Perché l’esistente che appare e si fa immagine è innanzitutto corpo che si relaziona con altri corpi. Così come pensano i pensatori “salvifici” della modernità – Spinoza, Bruno e Nietzsche – è nella sostanzialità stessa del relazionarsi, inteso come potenza erotica, che Gasparotti vede la possibilità di andare oltre l’immunitas di soggetti e oggetti escrementali creati dal pensiero logico-analizzante. Solo così la filosofia, secondo Gasparotti, può recuperare l’autentica saggezza di matrice stoica che altro non è se non esperienza estetico-artistica tesa ad indagare il potere affettante dei corpi che, attraverso la realtà delle loro immagini, creano mondo comune.
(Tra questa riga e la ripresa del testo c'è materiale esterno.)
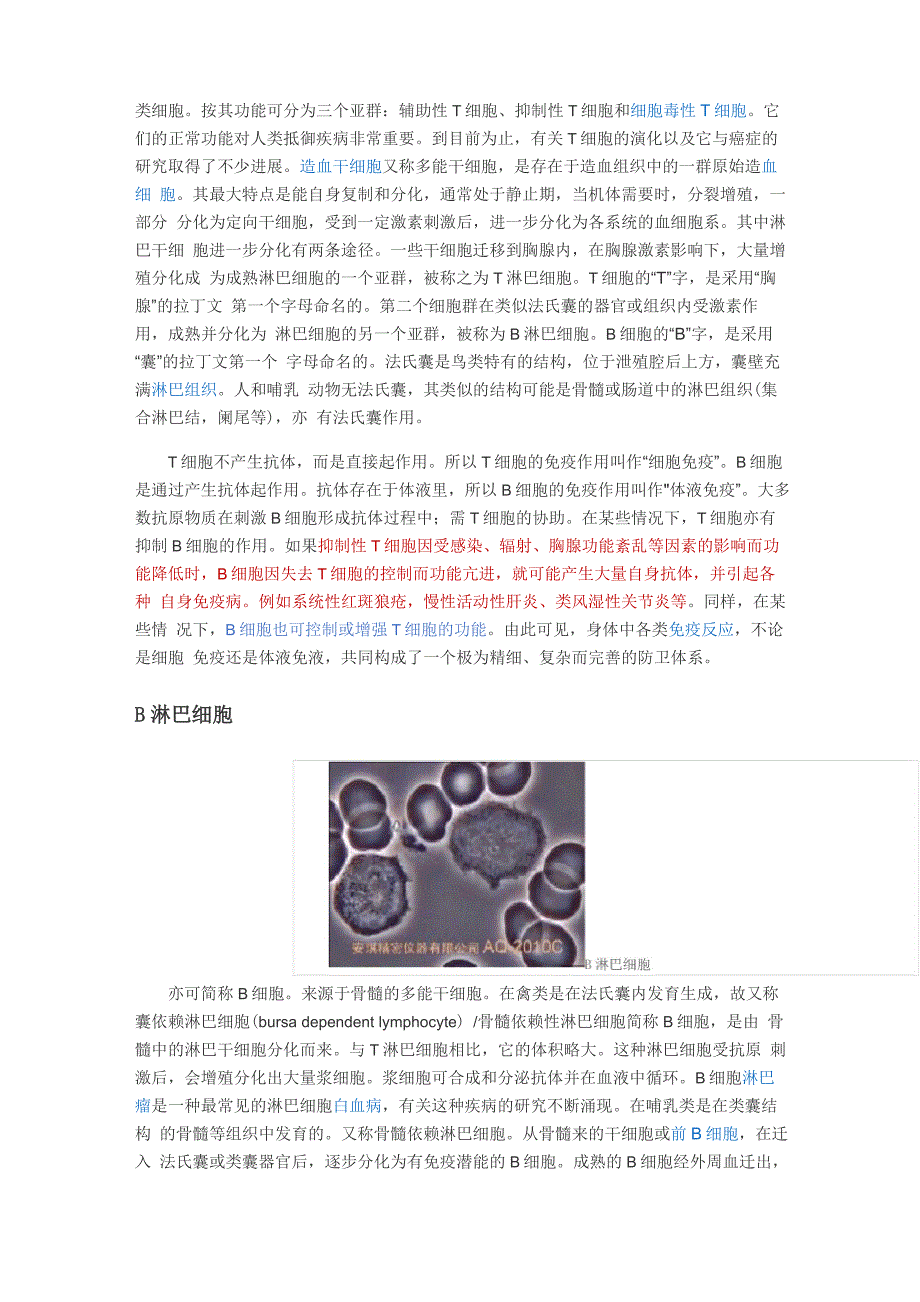 免疫细胞概述_第3页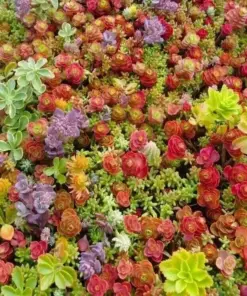 Mixed Sedum Seeds - Stonecrop Succulent Groundcover - 100+ Seeds - Indoor/Outdoor - Image 1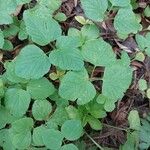 Smyrnium perfoliatum Leaf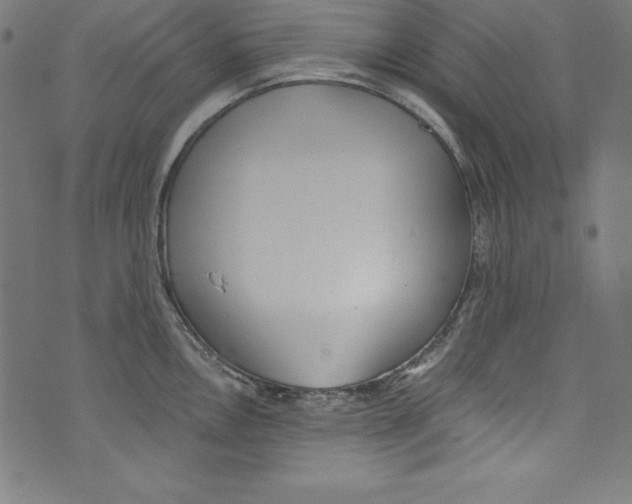 X0000072981146200608211343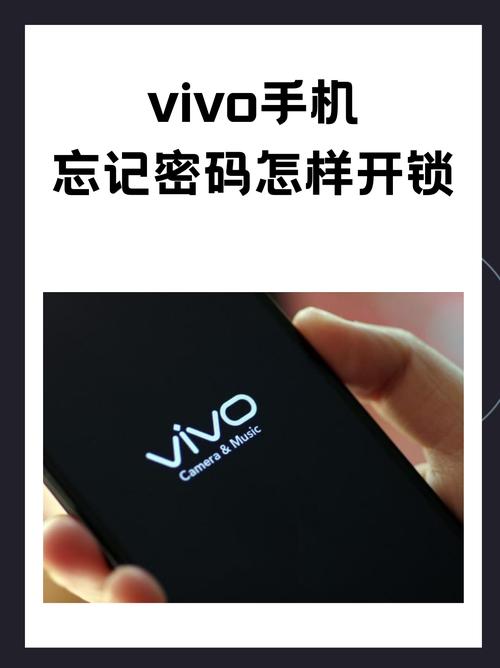 vivo清除数据初始密码是多少，vivo清除数据需要密码怎么解？-第4张图片-优品飞百科
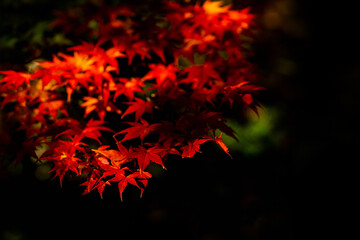 Bright red leaves during late autumn in Japan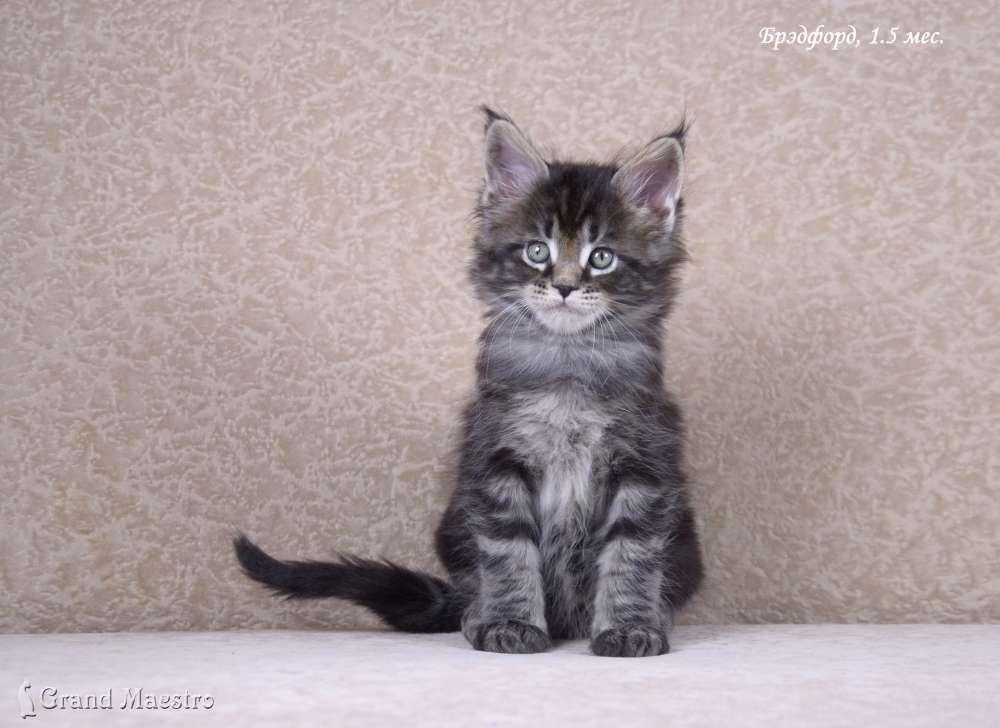 Брэдфорд, 1.5 мес.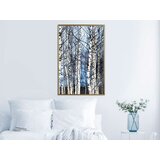  Poster - Winter Birch Trees 30x45 | shoptok.hr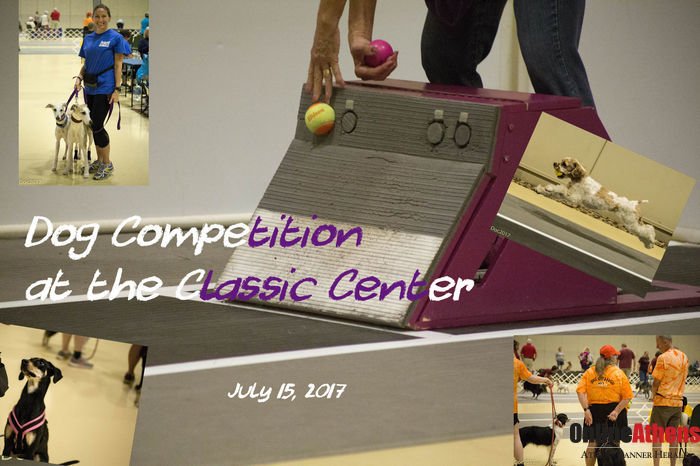 SpottedAthens's tweet photo. "Dog Competition at the @ClassicCenter" photos by Doug Bower https://t.co/JfXi4Epx6A #SpottedAthens #dogs #TheClassicCenter #AthensGA https://t.co/VzniHMRoF4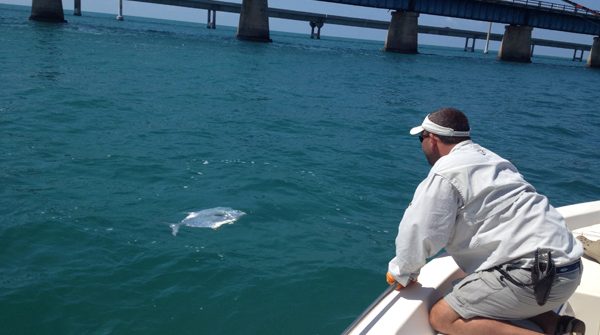 Trophy permit fish coming to the boat caught on a tarpon charter.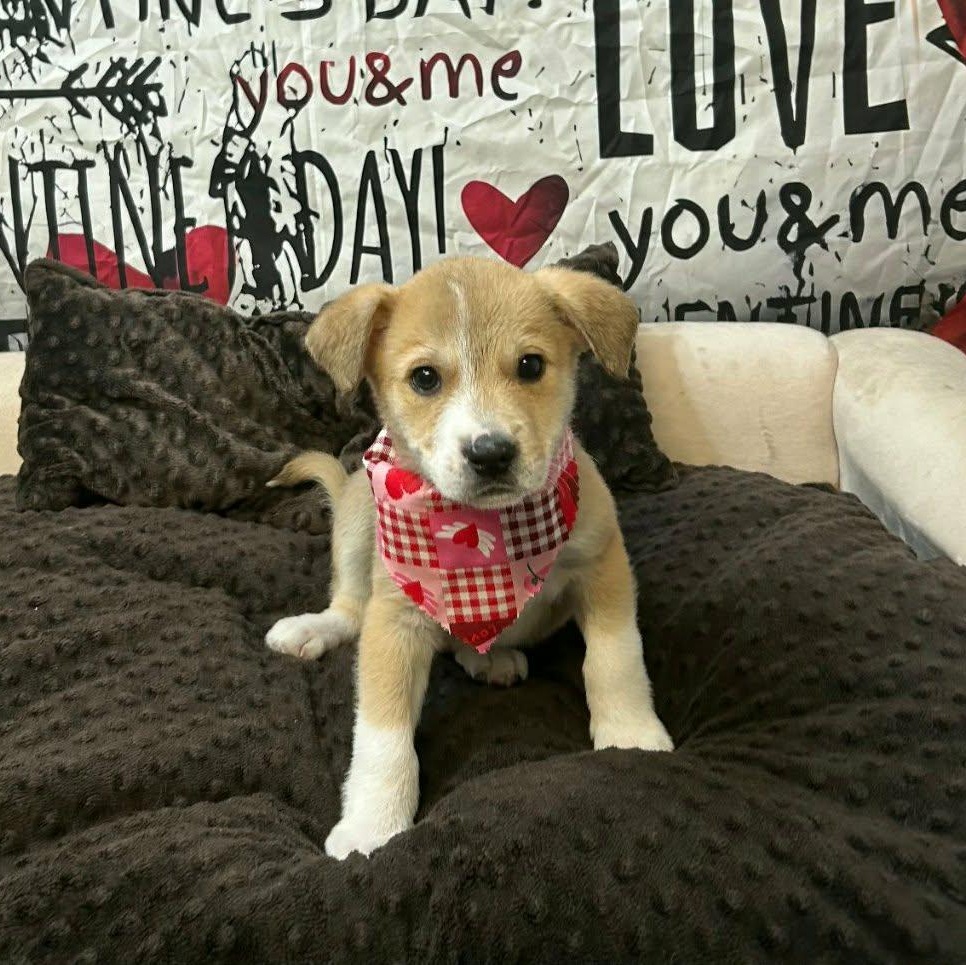 Enlarge Graham, an adopted mixed breed in Providence, RI image 1/6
Se il pensiero vuole farsi danza ecologica, dunque, deve aprirsi alla relazionalità della vita e al movimento pneumatico delle immagini, visto che già per Plotino, come ricorda Gasparotti, il cosmo è un danzatore invisibile. Il movimento invisibilmente danzante dell’esistente appartiene originariamente al pensare nella sua natura amentale che non può non emergere (in quanto potenza in atto) in una danza visibile. Gasparotti dunque ci invita a riflettere come la stessa danza (del) visibile, che nasce dall’ammutolirsi della parola “detta”, non nega la rete di significati creata dal linguaggio verbale, ma la sospende e la svuota, ricreando incessantemente la realtà.
Riferimenti bibliografici
G. Agamben, La potenza del pensiero: saggi e conferenze, Neri Pozza, Vicenza 2005.
Id., Profanazioni, Nottetempo, Milano 2005.
C.G. Argan, A. Bonito Oliva, L’Arte moderna 1770-1970. L’Arte oltre il Duemila, Sansoni, Firenze 2002.
W. Benjamin, Il surrealismo. L’ultima istantanea sugli intellettuali europei (1929), in Id. Opere complete. Scritti (1928-1929), Einaudi, Torino 2010.
W. Benjamin, Sulla lingua in generale e sulla lingua degli uomini (1916), in Id. Angelus Novus. Saggi e frammenti, Einaudi, Torino 1962.
R. Gasparotti, L’amentale. Arte, danza e ultrafilosofia, Cronopio, Napoli 2019.
J.-L. Nancy, Il corpo dell’arte, Mimesis, Milano 2014.